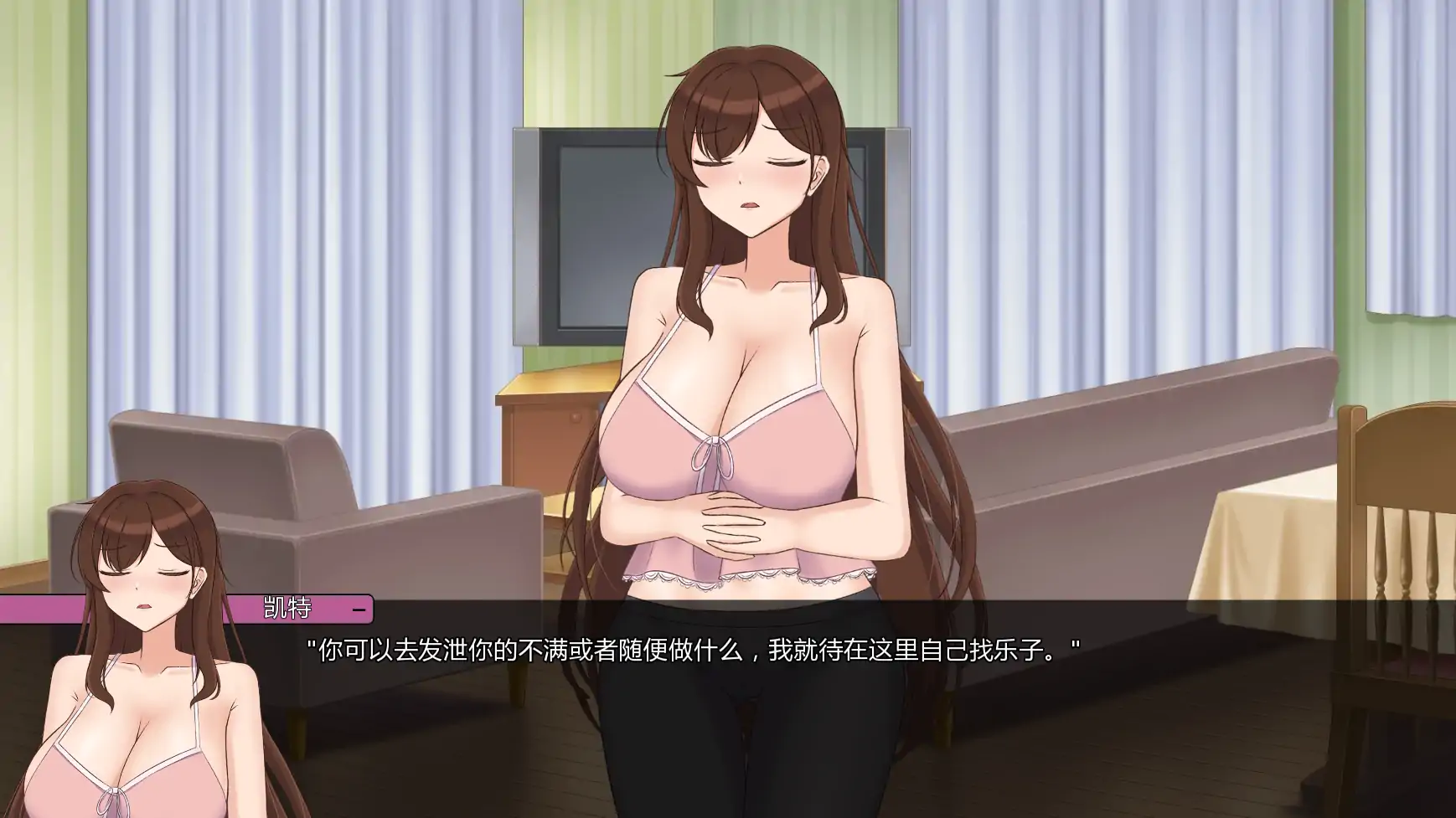 【日系SLG/AI汉化/熟女】他让她堕落v0.7.6 AI汉化版【PC+安卓/6.16G/更新】
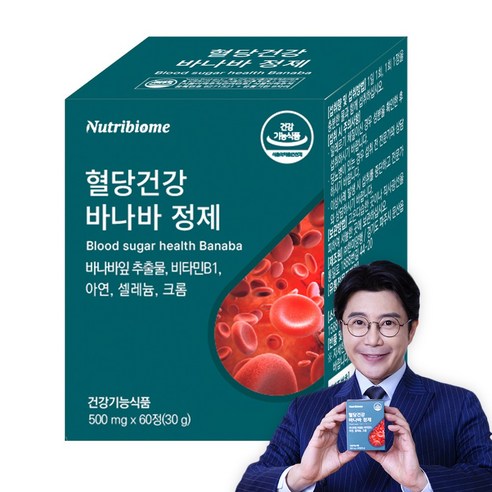 뉴트리바이옴(뉴바옴) 혈당건강 바나바정제 혈당 조절 바나바잎추출물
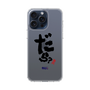 スリムプロテクションケース［ 静岡人 - 方言 - だら？ ］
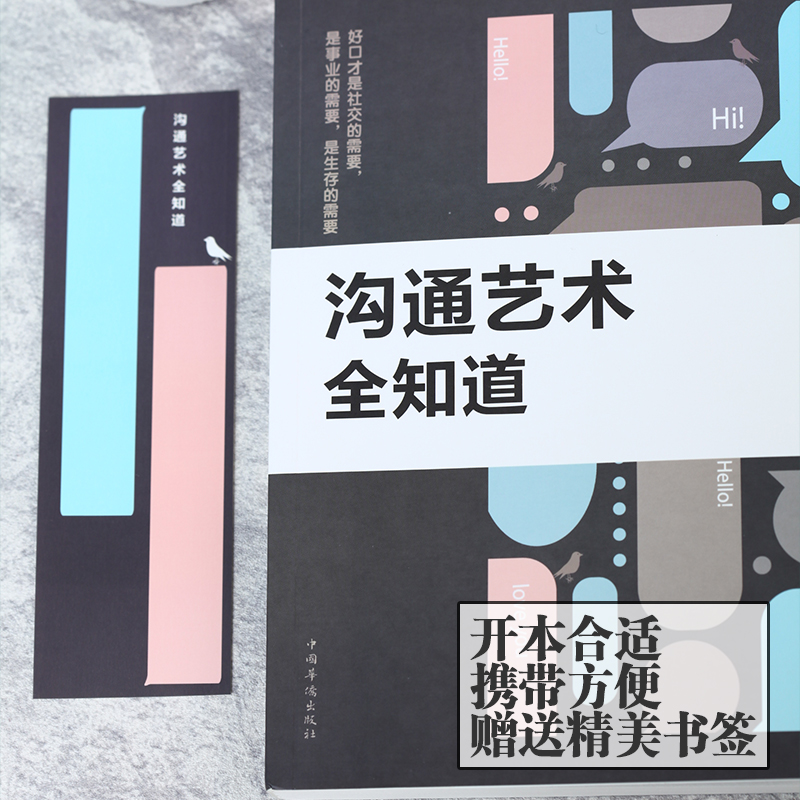 [正版]抖音同款全5册跟任何人都能聊得来沟通艺术全知道 口才智慧人际交往与人说话交朋友说话之道不会说话你就输了技巧沟通高清大图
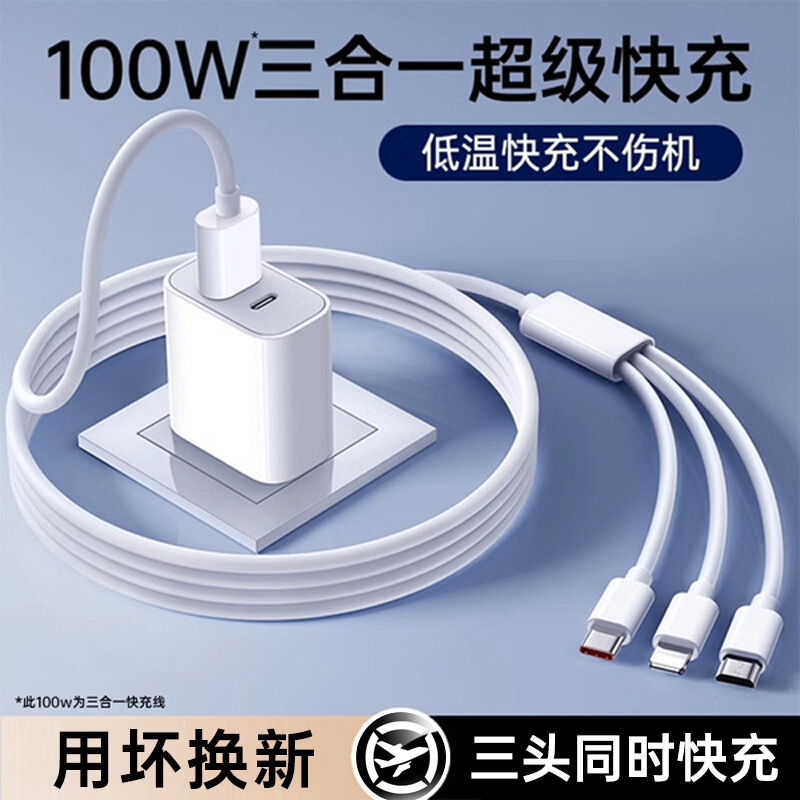 Three-In-One Multifunctional Data Cable Charging Head, One-To-Three Multi-Head Car Charger Cable, Fast Charging Braided Cable Three-In-One Multifunctional Data Cable Charging Head, One-To-Three Multi-Head Car Charger Cable, Fast Charging Braided Cable
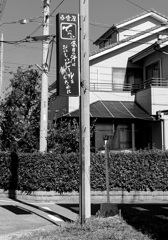 名言の居酒屋さんの看板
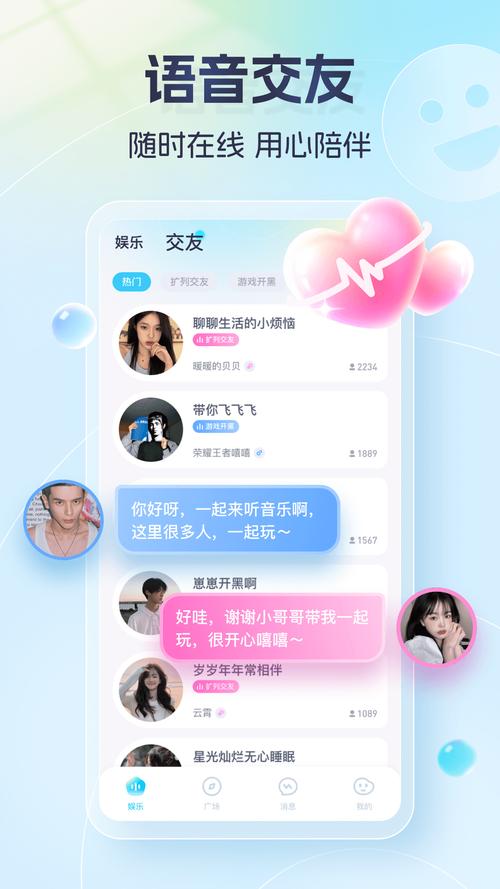 芒果交友聊天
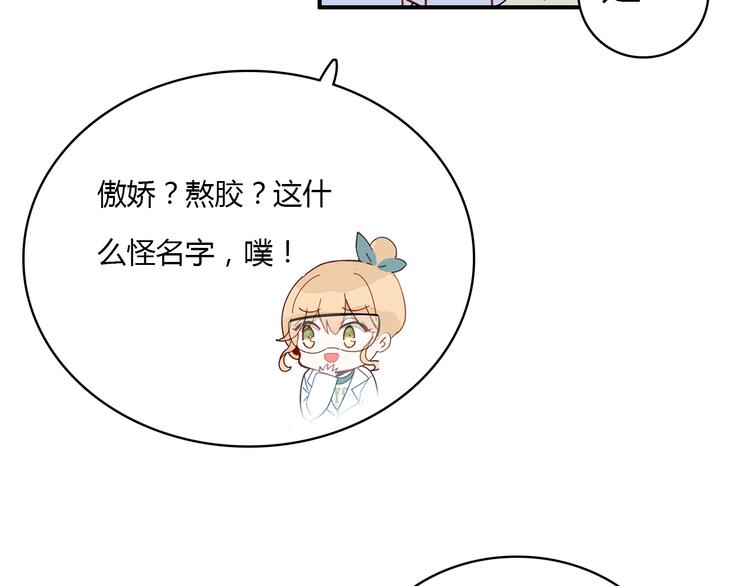 第4话 龙族的规矩137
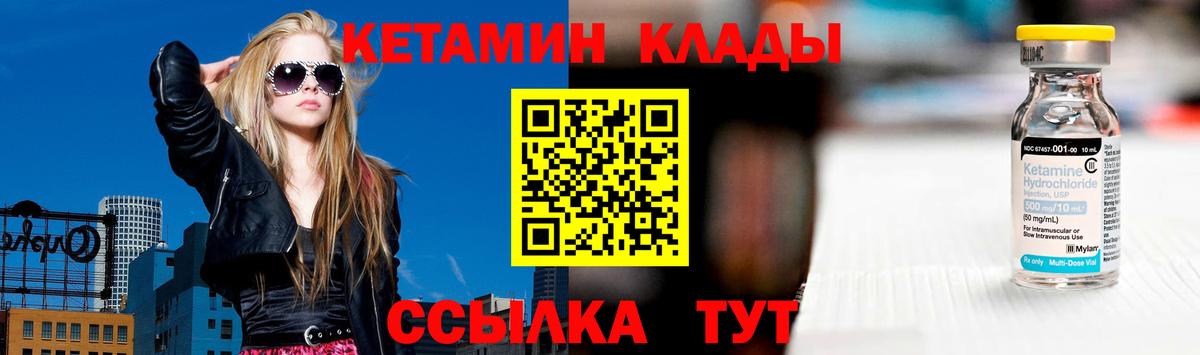 Кетамин ketamine  Вход с VPN  Волхов 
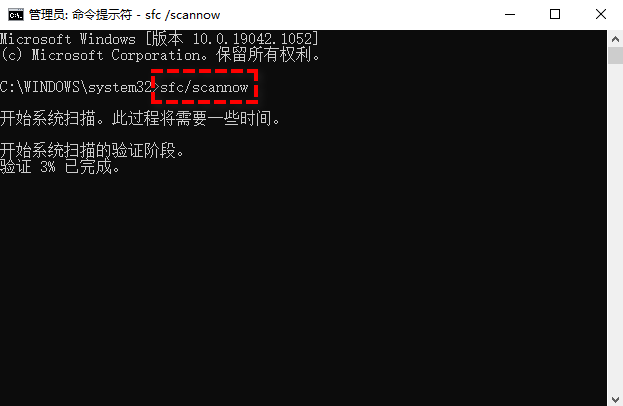 win11c盘磁盘清理闪退什么原因？Win11 C盘 磁盘清理闪退解决方法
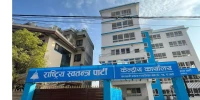 लामिछाने बारे प्रश्न उठेपछि आन्तरिक छलफल गर्दै रास्वपा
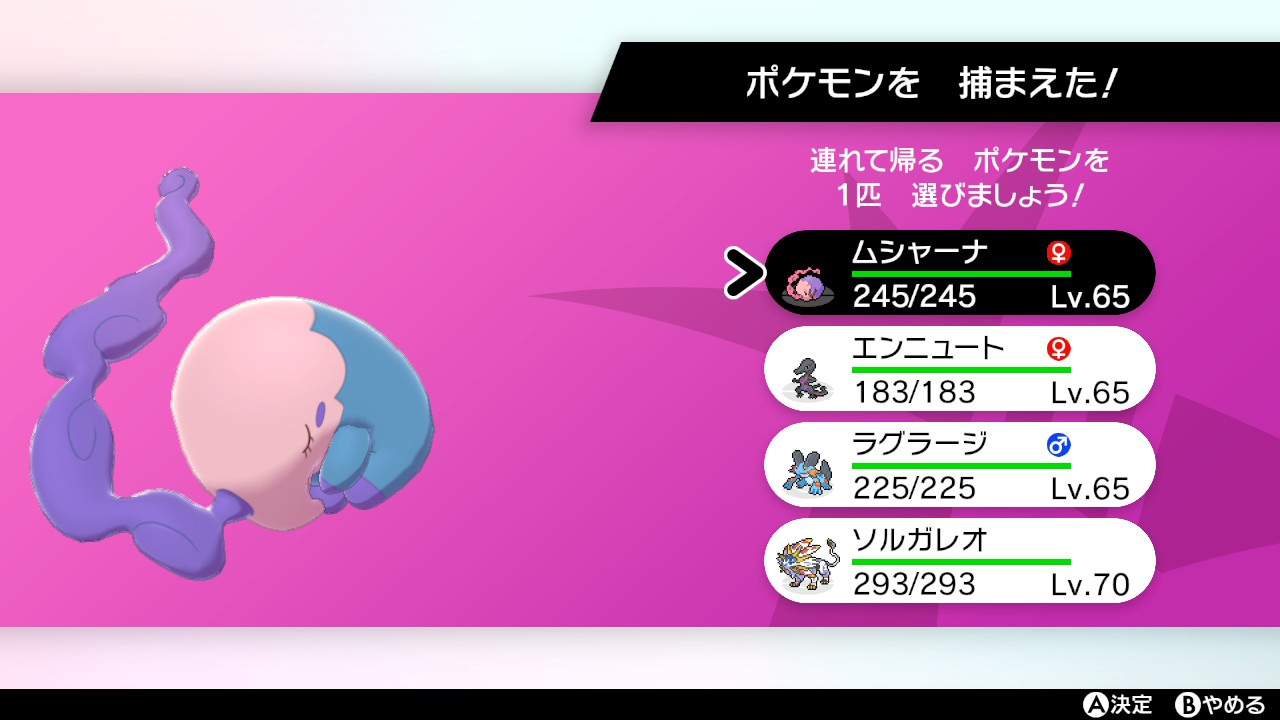 Tomo Tnあかばね Ar Twitter Shinyhunterss 色違いムシャーナおめでとうございます ﾉ Twitter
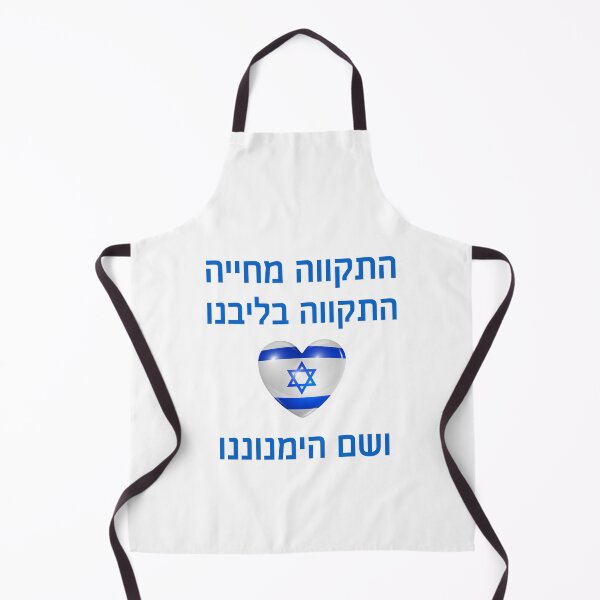 Item preview, Hope gives life - Israel - Hebrew designed and sold by OMdesign10.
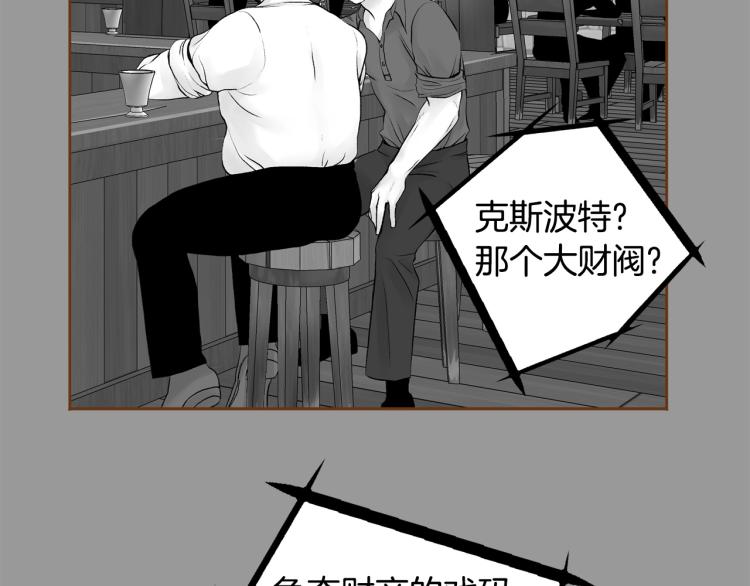 《我的红发少年2》第39话 重新育儿 第8页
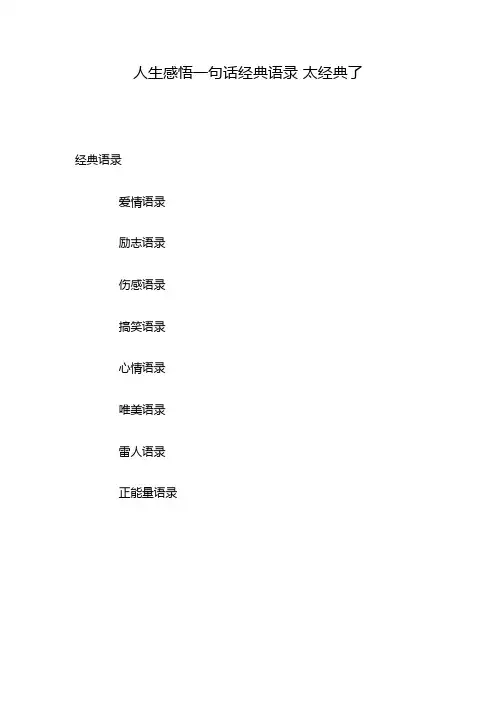 人生感悟一句话经典语录 太经典了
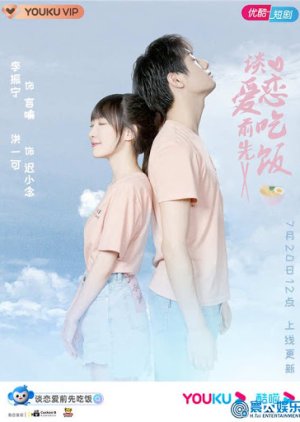 مسلسل الوقوع في الحب Falling in Love مترجم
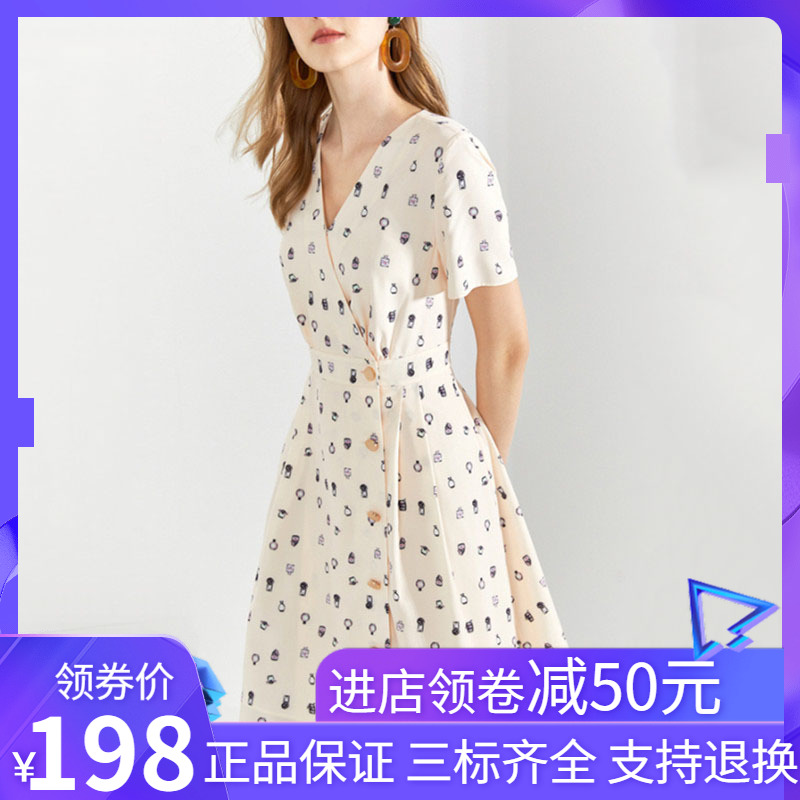 诗篇女装2020夏季新款修身碎花气质显瘦雪纺连衣裙8C60205426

....................

__YOUR INSTRUCTIONS__. Please reproduce the listing exactly from its opening line through the line that contains "win11c盘磁盘清理闪退什么原因？Win11 C盘 磁盘清理闪退解决方法", both included, with all pictures omitted.

__EXERCISE RESPONSE__.
 【日系SLG/AI汉化/熟女】他让她堕落v0.7.6 AI汉化版【PC+安卓/6.16G/更新】
 뉴트리바이옴(뉴바옴) 혈당건강 바나바정제 혈당 조절 바나바잎추출물
 スリムプロテクションケース［ 静岡人 - 方言 - だら？ ］
 [正版]抖音同款全5册跟任何人都能聊得来沟通艺术全知道 口才智慧人际交往与人说话交朋友说话之道不会说话你就输了技巧沟通高清大图
 Three-In-One Multifunctional Data Cable Charging Head, One-To-Three Multi-Head Car Charger Cable, Fast Charging Braided Cable Three-In-One Multifunctional Data Cable Charging Head, One-To-Three Multi-Head Car Charger Cable, Fast Charging Braided Cable
 名言の居酒屋さんの看板
 芒果交友聊天
 第4话 龙族的规矩137
 Кетамин ketamine  Вход с VPN  Волхов 
 win11c盘磁盘清理闪退什么原因？Win11 C盘 磁盘清理闪退解决方法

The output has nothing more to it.